There were a few people milling around, and it turns out that the small attendance made people leave. A father and couple teenagers started setting up tables with me. A single woman started helping us. After about 20 minutes the tables were set up and the family left. The single woman and I spent about 3 hours working to make the tables not stale and to add Christmas lights and brightness to the massive gym, to make it small. We also spent about 3 hours talking. How we didn’t like traveling at Christmas. How we didn’t have living fathers. How our families were far away from Portland but actually close together. Our jobs and hobbies. How we liked being in Portland now. Where we had been and where we wanted to go.

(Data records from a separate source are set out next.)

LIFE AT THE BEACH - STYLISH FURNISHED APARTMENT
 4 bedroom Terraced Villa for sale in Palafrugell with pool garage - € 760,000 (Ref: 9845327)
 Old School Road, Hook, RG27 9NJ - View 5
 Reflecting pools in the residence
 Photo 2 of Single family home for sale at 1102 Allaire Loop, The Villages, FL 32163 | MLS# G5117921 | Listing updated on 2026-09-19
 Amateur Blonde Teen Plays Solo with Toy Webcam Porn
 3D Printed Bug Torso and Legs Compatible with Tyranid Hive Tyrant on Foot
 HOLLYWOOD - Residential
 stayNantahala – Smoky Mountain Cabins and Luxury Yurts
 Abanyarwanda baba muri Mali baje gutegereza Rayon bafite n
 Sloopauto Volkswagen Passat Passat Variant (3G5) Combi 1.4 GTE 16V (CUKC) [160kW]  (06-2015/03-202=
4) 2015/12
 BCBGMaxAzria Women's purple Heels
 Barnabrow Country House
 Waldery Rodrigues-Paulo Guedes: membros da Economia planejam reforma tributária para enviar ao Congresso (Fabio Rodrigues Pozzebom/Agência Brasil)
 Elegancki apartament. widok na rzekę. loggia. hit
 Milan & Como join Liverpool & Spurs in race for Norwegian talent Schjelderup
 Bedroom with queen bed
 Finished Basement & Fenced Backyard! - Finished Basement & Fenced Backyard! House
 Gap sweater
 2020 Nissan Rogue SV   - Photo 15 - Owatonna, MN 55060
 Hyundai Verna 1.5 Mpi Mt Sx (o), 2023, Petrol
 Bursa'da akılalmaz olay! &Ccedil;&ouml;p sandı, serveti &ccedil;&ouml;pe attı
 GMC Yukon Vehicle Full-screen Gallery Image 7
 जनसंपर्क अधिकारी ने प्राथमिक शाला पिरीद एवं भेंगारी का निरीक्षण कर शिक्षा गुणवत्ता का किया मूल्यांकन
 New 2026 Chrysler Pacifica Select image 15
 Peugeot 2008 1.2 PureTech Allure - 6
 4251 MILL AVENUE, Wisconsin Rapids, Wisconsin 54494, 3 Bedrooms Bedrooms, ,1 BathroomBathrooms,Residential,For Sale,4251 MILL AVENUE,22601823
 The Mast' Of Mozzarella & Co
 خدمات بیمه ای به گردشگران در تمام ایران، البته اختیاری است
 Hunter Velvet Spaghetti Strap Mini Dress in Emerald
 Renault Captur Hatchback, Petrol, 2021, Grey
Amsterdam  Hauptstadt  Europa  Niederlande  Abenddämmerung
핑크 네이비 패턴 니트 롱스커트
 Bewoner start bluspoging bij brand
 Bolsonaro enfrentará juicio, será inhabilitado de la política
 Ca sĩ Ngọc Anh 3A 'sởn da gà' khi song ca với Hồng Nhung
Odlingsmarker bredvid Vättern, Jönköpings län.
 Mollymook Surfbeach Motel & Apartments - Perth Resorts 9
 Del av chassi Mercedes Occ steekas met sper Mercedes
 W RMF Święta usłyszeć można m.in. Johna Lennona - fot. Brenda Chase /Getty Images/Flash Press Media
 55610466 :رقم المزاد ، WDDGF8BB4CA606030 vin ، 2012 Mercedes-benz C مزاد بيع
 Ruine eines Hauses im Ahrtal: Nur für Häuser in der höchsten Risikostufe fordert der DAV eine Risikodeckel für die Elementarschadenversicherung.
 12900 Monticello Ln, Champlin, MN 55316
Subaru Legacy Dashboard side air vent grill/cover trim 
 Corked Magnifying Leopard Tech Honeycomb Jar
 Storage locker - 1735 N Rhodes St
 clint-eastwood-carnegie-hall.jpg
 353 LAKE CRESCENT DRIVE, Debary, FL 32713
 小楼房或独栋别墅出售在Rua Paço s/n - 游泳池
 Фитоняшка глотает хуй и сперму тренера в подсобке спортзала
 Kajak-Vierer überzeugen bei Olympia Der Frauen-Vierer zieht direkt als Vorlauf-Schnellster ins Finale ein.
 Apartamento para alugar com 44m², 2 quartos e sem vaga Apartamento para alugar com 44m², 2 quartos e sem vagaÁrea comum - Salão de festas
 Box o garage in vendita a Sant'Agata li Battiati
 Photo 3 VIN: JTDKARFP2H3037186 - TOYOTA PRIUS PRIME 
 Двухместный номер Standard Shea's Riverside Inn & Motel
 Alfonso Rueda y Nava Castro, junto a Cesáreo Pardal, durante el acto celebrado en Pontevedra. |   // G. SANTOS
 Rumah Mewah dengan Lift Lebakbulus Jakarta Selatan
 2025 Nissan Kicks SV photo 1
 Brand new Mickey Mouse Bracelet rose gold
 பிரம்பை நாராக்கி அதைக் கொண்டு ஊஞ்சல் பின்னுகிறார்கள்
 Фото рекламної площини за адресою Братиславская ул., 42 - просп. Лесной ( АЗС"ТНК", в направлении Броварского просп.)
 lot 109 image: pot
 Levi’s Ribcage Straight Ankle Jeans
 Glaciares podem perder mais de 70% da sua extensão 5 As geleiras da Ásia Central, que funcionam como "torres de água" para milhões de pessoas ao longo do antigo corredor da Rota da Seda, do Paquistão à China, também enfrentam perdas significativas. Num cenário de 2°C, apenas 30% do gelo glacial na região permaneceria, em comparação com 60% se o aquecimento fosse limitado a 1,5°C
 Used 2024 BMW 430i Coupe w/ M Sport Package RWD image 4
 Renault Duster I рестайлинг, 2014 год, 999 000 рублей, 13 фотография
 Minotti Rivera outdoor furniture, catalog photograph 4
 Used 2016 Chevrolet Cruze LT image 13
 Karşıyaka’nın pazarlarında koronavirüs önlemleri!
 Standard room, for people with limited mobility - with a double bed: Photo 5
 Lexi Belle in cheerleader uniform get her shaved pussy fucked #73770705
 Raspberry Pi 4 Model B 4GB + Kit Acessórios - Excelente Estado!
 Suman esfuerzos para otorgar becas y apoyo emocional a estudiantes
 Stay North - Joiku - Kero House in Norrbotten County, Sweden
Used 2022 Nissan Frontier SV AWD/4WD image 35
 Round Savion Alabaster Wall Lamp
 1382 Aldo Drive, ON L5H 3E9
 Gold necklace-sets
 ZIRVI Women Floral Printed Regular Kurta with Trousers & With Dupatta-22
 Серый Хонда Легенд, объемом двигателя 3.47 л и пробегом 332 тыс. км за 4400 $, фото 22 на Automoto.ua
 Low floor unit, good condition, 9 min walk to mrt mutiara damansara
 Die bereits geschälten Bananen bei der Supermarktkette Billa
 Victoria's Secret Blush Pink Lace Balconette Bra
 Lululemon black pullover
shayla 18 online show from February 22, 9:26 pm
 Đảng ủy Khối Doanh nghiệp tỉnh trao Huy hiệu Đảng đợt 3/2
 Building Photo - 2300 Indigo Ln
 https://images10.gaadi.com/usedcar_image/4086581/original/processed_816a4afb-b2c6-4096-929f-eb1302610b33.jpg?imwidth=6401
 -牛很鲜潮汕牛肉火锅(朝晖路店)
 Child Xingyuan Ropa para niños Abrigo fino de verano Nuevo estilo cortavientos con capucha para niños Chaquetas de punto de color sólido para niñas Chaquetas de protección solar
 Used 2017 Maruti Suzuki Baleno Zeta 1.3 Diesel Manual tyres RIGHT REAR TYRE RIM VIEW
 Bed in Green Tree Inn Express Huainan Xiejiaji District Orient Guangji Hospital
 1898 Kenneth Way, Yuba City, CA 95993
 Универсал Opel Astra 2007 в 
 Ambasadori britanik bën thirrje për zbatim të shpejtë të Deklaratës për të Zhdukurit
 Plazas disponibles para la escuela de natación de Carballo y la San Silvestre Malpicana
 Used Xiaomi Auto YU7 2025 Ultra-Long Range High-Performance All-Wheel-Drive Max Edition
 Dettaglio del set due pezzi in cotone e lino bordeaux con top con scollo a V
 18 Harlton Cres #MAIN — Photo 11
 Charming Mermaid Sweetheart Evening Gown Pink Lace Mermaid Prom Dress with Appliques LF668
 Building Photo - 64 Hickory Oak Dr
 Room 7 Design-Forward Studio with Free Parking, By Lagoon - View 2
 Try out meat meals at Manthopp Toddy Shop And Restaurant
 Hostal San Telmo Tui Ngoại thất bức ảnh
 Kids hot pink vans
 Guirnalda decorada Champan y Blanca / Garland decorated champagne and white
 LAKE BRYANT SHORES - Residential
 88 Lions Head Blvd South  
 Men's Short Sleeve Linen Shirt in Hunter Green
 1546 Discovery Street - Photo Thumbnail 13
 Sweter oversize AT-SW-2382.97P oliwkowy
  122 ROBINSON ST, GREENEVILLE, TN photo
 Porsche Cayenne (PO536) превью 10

It was longer than planned so I offered to drive her home. Something I had done literally hundreds of times before as my dad made me a protector of women to an often negative extent. When I dropped her off, something was different than those times before though. There was an awkward moment.
The awkward moments continued the next day as we saw each other and chatted a little as I ran around being in charge of chaos of a community Christmas dinner that comingled housed with unhoused friends. By the end of the meal, I was wiped and had plans to sit in front of my computer and finish binge watching something I am sure. But there was another awkward moment when she wrote out and handed me her phone number and an address to come hang out with her friend’s family.
Somehow I knew I needed to go. Even though I only met her less than 24 hours before I figured I should make an appearance. So I did. I grabbed a couple 22s from my cases of beer and went to a house, that apparently generally didn’t drink, and where I barely knew one person. I awkwardly walked around saying hi and got another plate of Christmas dinner since I didn’t eat at the first. And went and planted myself near this girl that intrigued me. She played games with her friends and we made small talk about what we had planned for the week and how much time free she had.
I left after about an hour because I needed quiet not craziness and couldn’t fake it anymore. I wished her well, told her Merry Christmas and said thanks to the random family that just set up a couple without knowing it.
That night there were quite a few texts from my dark, cold, quiet basement bedroom. By the end of them, I had a real date with a real girl.
Within a week, I would start spending everyday with that single lady. Within a month we were pretty sure we weren’t going to be single long. Within 8 months we were wed and in a tiny apartment. In 2 years we were no longer drinking much or going out to eat but just sitting around with each other. In 3 years we had a child, a house and a family car.
Now it has been five years since I drank or partied like I did the day before I met the beautiful Hannah. And tomorrow it will be five years since the best Christmas ever.
And I wouldn’t switch back to that old life for anything.